From what we have uncovered so far, there are three layers of concrete (there may be more underneath that). So, it looks like someone has put concrete down, let it dry, put another layer of concrete down, let that dry, then put a final layer of concrete down and sunk the posts into it. The posts themselves are very solid looking pieces of wood held together with a substantial bolt.

There are no obvious signs of something being attached to the posts – no other bolt holes, etc. There is also another a smaller concrete post about a metre nearer to the fence.

What on earth the posts were or why someone put them there, we have no idea.

We have also started pulling the ivy off the shed. It looks homemade rather than being a bought shed and there are windows all the way round. So, someone has obviously been growing something in it, or at least planned to.

But, having uncovered more of it, it looks like bad news. We knew that some of the floor was rotten, and it looks like the eaves have both wet and dry rot. We’ll show more on the shed another day but I think it’s safe to say, we’ll probably need a new one.

One of the difficulties about clearing round the shed, is the bank at that end of the site. The shed is surrounded by what may have been compost heaps. It certainly contains a fair amount of rubbish as Elisa discovered:

Elisa pulls a broken piece of corrugated plastic from the bank surrounding the shed

Rooting out the trees

Another day of hard work from our friends Elisa and Rodney of The Secret Garden. They really are doing a fantastic job of helping us to clear the allotment.

As you can see from the video tour, the major work today was to remove some of the big shrubs and dig out the two trees. It is a shame to lose a walnut tree but they grow very big and the council do not encourage tree growing. You can see why: trees cast shade and could take water and nutrients from neighbouring plots. We also want to start with a blank canvas so that we can maximise the potential our site. So, sadly, both trees have to go.

We were also very pleased to receive a donation of an incinerator from our good friends Anne and Alan Outram. This will be useful on an ongoing basis but we will probably need to have a big bonfire to get rid of everything we’ve been digging up.

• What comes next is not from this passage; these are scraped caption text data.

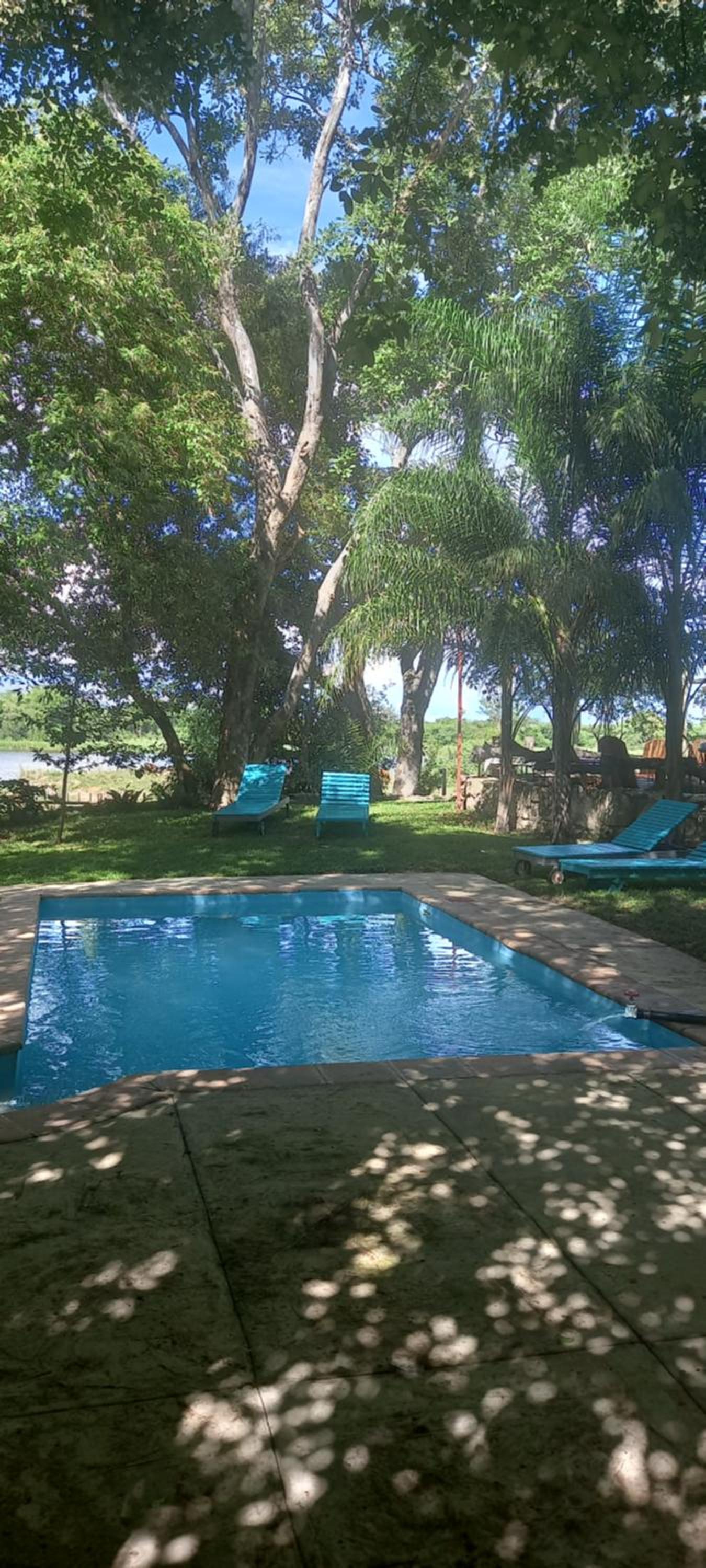 Mukuku Oasis Lodge view 4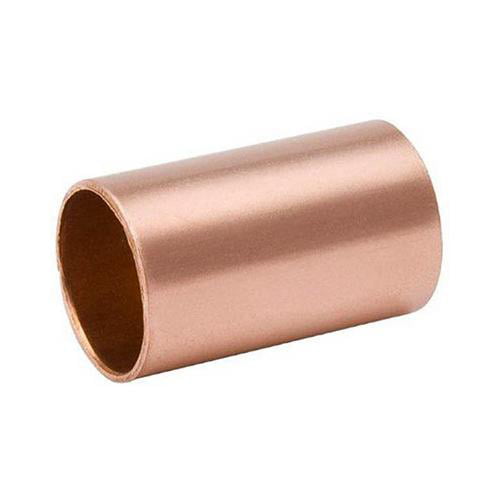 1/2" Copper Cap Fits Standard 1/2" Copper tube with 5/8" OD New 10 PACK 
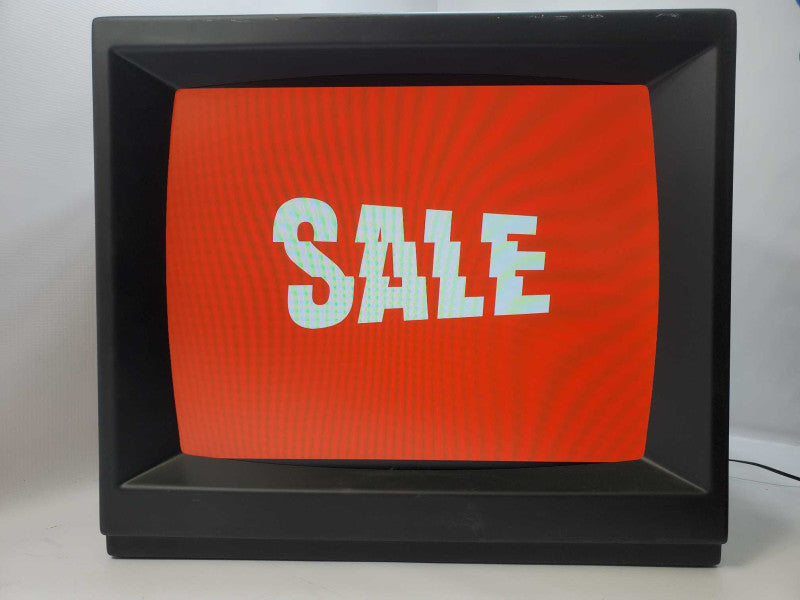 Unbranded 17\\" LCD Display Monitor AW120 Model 12183628 |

According to the council’s allotment guide, bonfires are banned between 1 April and 30 September. Any bonfire that we have before April, must not emit smoke, fumes or other gases which are a nuisance. It is unlikely that any smoke would go onto a road because we are surrounded by houses. Our best bet is to have it fairly soon while the weather is cold and most people are not spending a lot of time in their gardens. If we have it during a weekday, it is likely that the people in the surrounding houses will be out a work.

Clearing the plot

view of the allotment on a cold afternoon in early January 2017

We made a bit of headway with trimming the choisia and brambles on our first visit. But at the rate we are able to work, we very quickly realised that we would need help. Neither of us is in the first flush of youth nor are we particularly able. With the best will in the world, transforming the allotment from overgrown wilderness to a blank canvas that could become a productive growing space is not something that we could do on our own.

To our rescue came our good friends Elisa Contreras and Rodney Williams of The Secret Garden. They got to work with great gusto. Using various hand tools, power tools, muscle and sweat, they cleared most of the vegetation.

Here’s a glimpse of the The Secret Garden team in action:

As well as working on the actual plot itself, one of the things Elisa and Rodney were also able to help with was the path to the plot.

Some of the access ways have not been well maintained. It’s possible to get through on foot but Andrew is a wheelchair user and we need about a metre to get the mobility scooter safely through. Things are particularly difficult at the moment because the ground is so muddy.

There is a lot to do, however, and we need to make sure that we don’t tread on the toes of our (as yet unknown) neighbours, so the access path is still a work in progress.

A map of the site

Measurements of the site showing it as we found it

We had thought that we would do a proper survey of the site. Unfortunately, it was too overgrown and we weren’t sure how safe the piles of vegetation around the shed were for standing on. So, we had to content ourselves with simple measurements.

The plot is supposed to be 100 square metres. Looking at the measurements, this would suggest that the plot starts where the choisia is, and that the shed is not on the actual plot itself – which is a bonus! (There is a short piece of pipe in the corner where the choisia is, which could be a plot marker.)

It looks as though the site hasn’t been cultivated for some time. It is possible that parts of the site were abandoned only recently, such as the area where canes have been set out (possibly for runner beans). But it does look like some of the site hasn’t been cultivated for three or four years.

It’s likely that, apart from the choisias and the phygelius (not some sort of fuscia, as first thought), most of the plants were self seeded.The raspberry canes, large brambles and the two trees probably all self seeded.

It’s going to take quite a bit of work to clear it. We only did about an hour’s hacking on Monday and, although it was great fun, we certainly knew all about it the next day!

We’re going to need some help!

Surveying the scene

I thought we’d have to wait years for an allotment. In fact, it was only a couple of months.

We asked to be put on the waiting list for three sites at the end of September 2016. In the week running up to Christmas, we got a letter back letting us know that there were two potential plots at our the nearest allotment site.

A shot of our new allotment - overgrown with brambles, other weeds and large shrubs, and with a scattering of rubbish and abandoned garden equipment

Here’s our chosen plot. It was more overgrown but had the advantage that it was on the edge of the site which we felt gave us a little bit more space.

Here’s a tour:

We measured the plot and we’ll draw out a map so that you can see what we’ve got.

We then spent a happy hour or so hacking away at them stems of the choisia and bramble, with the aim of cutting them into short, manageable pieces. It seemed a pity to be so brutal but we need to get the site cleared so that we can grow what we want.